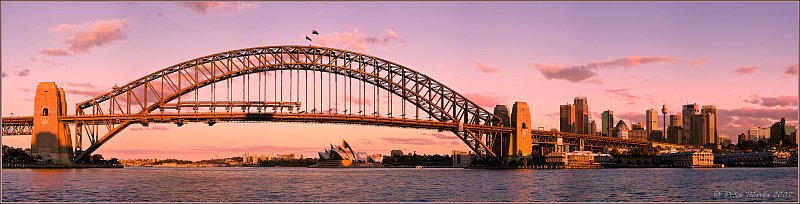 Harbour_Bridge_4.jpg - Sydney Harbour Bridge and Opera House, Sydney, Australia.(18640 x 4704 pixels)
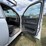 2011-dodge-3500-image-19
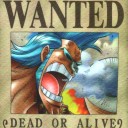 สมาชิกหมายเลข 3084261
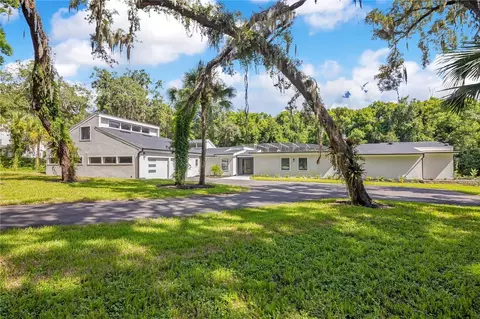 2317 Farmwood Cir, Gotha, FL 34734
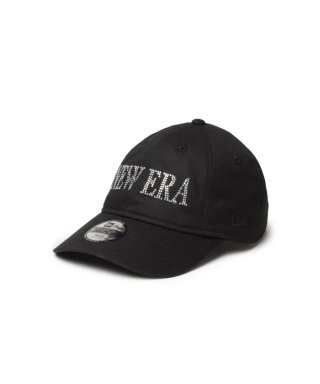 最終値下げ⚠️ GTA ロスサントス NEWERA 日本未発売 グランドセフトオートのキャップ通販【ニューエラ】 - 映画レプリカ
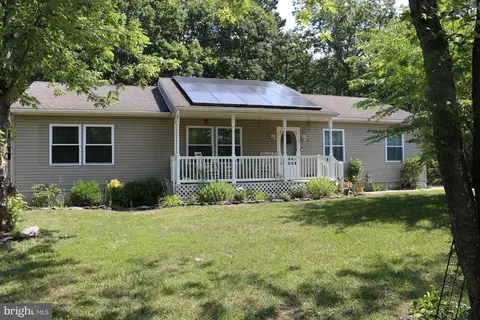 28 Harley Ave, Egg Harbor Township, NJ 08234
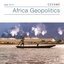 Afrique Geopolitique
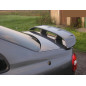 Spoiler baule Volvo S40 (Cod. S-VS40-SP-01)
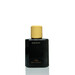 Davidoff Zino Eau de Toilette 125 ml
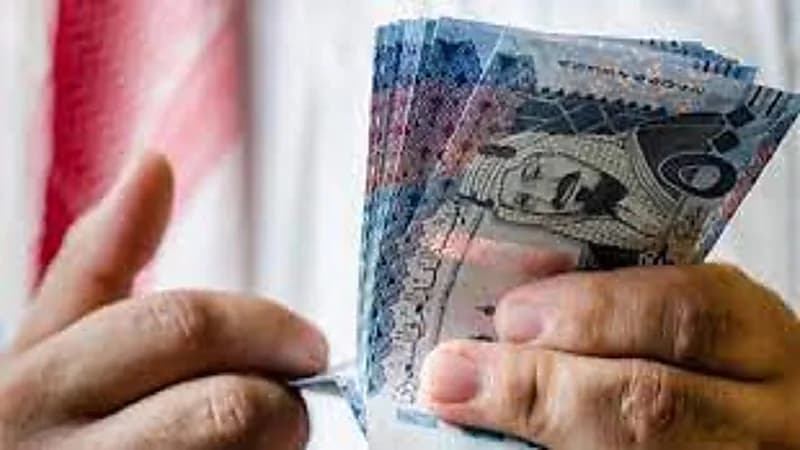 الصندوق العقاري يودع 847 مليون ريال في حسابات مستفيدي سكني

----

- [WHAT YOU HAVE TO DO]: In your output, include only the lines from the line containing "最終値下げ⚠️ GTA ロスサントス" through the last line of the material above, exactly as they appear, and leave out the pictures.

- [FINISHED EXERCISE]:
 最終値下げ⚠️ GTA ロスサントス NEWERA 日本未発売 グランドセフトオートのキャップ通販【ニューエラ】 - 映画レプリカ
 28 Harley Ave, Egg Harbor Township, NJ 08234
 Afrique Geopolitique
 Spoiler baule Volvo S40 (Cod. S-VS40-SP-01)
 Davidoff Zino Eau de Toilette 125 ml
 الصندوق العقاري يودع 847 مليون ريال في حسابات مستفيدي سكني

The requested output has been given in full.